At only 40 years old, Japan Society‘s low-slung modernist headquarters at 333 East 47th Street has just been named New York’s youngest landmark building by the state’s Landmark Preservation Commission. The structure, designed by Junzo Yoshimura and George G. Shimamoto and first completed in 1971, translates traditional Japanese architectural forms into a modernist idiom, bowing to neither but combining the two languages in an innovative and complex way.
I spoke with Japan Society vice president Joe Earle about the landmark designation, and his experience of the building itself. An experienced curator and specialist in Japanese art, Earle took the post of vice president in 2007.
“We were a little bit surprised” about the designation, he says, “because it’s not a very old building. But we’re very proud of our building. It’s a remarkable place to walk into every day.”
As a manifestation of the relationship between the United States and Japan, Earle points out, the design and construction of the Japan Society building came at a very interesting time. In 1971, “New York was just becoming aware of Japanese architecture. [The building] represents the rebuilding of the relationship between the two countries after World War II.” As a combination of Brutalist severity and Zen simplicity, the structure crosses artistic cultures.
“Looking out of my window now,” Earle describes during a phone conversation, “the long horizontal bars that filter the light give the whole front [facade] this kind of horizontality that was associated with Japanese domestic architecture … It’s a suggestion of Japanese architecture without actually being a copy of it, that’s what strongly appeals to me.”
The structure is also a unique example of the internationalization of Japanese art and its aesthetic vocabulary. Writes Matthew A. Postal in the Landmark Commission’s essay that accompanies the announcement, “In addition to being Yoshimura’s only work in New York City, this building is likely to have been the city’s earliest permanent structure designed by a Japanese citizen.”
Yoshimura was chosen to design the current Japan Society headquarters after the organization outgrew its earliest home, the Asia House, in the mid 1960s. Yoshimura was already known as a prominent Japanese architect and had not yet built a structure in New York City. “Japan deserves such a monument in New York, and the Japan Society can be the means of providing it,” consultant Philip Van Slyck wrote in a planning study.
Transfer of the property, located in the Turtle Bay neighborhood, was finalized in 1968. See the Commission’s building history for more information.

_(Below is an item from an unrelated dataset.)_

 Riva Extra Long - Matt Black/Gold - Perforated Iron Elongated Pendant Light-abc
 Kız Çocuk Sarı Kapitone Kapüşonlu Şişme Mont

According to the rules of landmark designation, Japan Society’s facade must now be preserved as it is, outside of construction permission granted through a permit. The building’s interior can still be renovated and updated at will. According to a report from WNYC:
Elisabeth de Bourbon [of the Landmark Commission] said the landmark designation protects the buildings from demolition, and requires a permit for any major changes to the buildings’ exterior.
Along with Japan Society, four other New York buildings were designated as landmarks, including “the Renaissance Revival-style Engineer’s Club Building on West 40th Street, the neo-Georgian-style Neighborhood Playhouse on Grand Street and the picturesque rural cottage style Greyston Gatehouse on Independence Avenue in the Bronx,” WNYC writes. This September 14 will also mark the 40th anniversary of the Japan Society building.
The Japan Society is located at 333 East 47th Street, Turtle Bay, Manhattan.